* INSTRUCTIONS TO FOLLOW
Where the listing below reaches the line containing "Meadow Black and", start writing out lines exactly, and stop once the line containing "helmet visible.png asset_CgU2apmeKMvV3SS1fjeaUBAJ_Ultra-wide" has been written.

═════ RECORDS FOR THE TASK

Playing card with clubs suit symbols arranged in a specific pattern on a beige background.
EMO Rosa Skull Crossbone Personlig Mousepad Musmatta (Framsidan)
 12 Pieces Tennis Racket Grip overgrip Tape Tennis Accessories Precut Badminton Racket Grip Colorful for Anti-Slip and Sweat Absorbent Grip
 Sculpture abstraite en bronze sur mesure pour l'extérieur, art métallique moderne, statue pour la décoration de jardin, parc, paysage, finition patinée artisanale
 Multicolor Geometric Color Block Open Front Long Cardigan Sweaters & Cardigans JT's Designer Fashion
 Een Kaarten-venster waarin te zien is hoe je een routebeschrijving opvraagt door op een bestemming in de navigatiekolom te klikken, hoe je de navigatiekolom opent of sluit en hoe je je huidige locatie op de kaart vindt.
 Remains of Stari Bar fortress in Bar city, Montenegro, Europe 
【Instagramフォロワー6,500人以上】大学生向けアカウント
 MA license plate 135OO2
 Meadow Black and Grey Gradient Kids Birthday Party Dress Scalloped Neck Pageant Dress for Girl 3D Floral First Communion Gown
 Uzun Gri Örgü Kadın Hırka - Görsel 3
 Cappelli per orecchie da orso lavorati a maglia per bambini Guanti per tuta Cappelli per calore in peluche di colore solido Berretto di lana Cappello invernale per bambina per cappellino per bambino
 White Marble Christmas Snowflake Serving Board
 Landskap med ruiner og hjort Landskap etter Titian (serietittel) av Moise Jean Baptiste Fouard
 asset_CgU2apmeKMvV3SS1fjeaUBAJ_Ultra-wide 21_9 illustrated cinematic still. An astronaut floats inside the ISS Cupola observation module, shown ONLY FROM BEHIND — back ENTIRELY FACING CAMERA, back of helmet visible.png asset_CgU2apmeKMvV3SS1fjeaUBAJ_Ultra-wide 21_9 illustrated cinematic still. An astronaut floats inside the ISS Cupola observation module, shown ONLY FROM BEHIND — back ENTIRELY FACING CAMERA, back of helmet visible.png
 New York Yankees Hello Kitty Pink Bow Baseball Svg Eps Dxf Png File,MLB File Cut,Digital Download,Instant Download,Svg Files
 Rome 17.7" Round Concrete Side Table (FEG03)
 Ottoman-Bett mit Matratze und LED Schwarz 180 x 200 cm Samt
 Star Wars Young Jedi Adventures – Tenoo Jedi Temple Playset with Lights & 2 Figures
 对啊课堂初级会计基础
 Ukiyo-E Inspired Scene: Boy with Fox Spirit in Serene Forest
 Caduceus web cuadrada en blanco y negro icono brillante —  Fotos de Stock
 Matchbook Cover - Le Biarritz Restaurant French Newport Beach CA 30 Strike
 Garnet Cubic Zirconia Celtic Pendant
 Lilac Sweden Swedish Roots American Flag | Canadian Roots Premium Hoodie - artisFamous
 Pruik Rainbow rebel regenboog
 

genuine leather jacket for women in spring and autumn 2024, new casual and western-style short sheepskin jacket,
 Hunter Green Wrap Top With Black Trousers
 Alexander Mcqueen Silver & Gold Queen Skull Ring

══════════

* YOUR RESPONSE
 Meadow Black and Grey Gradient Kids Birthday Party Dress Scalloped Neck Pageant Dress for Girl 3D Floral First Communion Gown
 Uzun Gri Örgü Kadın Hırka - Görsel 3
 Cappelli per orecchie da orso lavorati a maglia per bambini Guanti per tuta Cappelli per calore in peluche di colore solido Berretto di lana Cappello invernale per bambina per cappellino per bambino
 White Marble Christmas Snowflake Serving Board
 Landskap med ruiner og hjort Landskap etter Titian (serietittel) av Moise Jean Baptiste Fouard
 asset_CgU2apmeKMvV3SS1fjeaUBAJ_Ultra-wide 21_9 illustrated cinematic still. An astronaut floats inside the ISS Cupola observation module, shown ONLY FROM BEHIND — back ENTIRELY FACING CAMERA, back of helmet visible.png asset_CgU2apmeKMvV3SS1fjeaUBAJ_Ultra-wide 21_9 illustrated cinematic still. An astronaut floats inside the ISS Cupola observation module, shown ONLY FROM BEHIND — back ENTIRELY FACING CAMERA, back of helmet visible.png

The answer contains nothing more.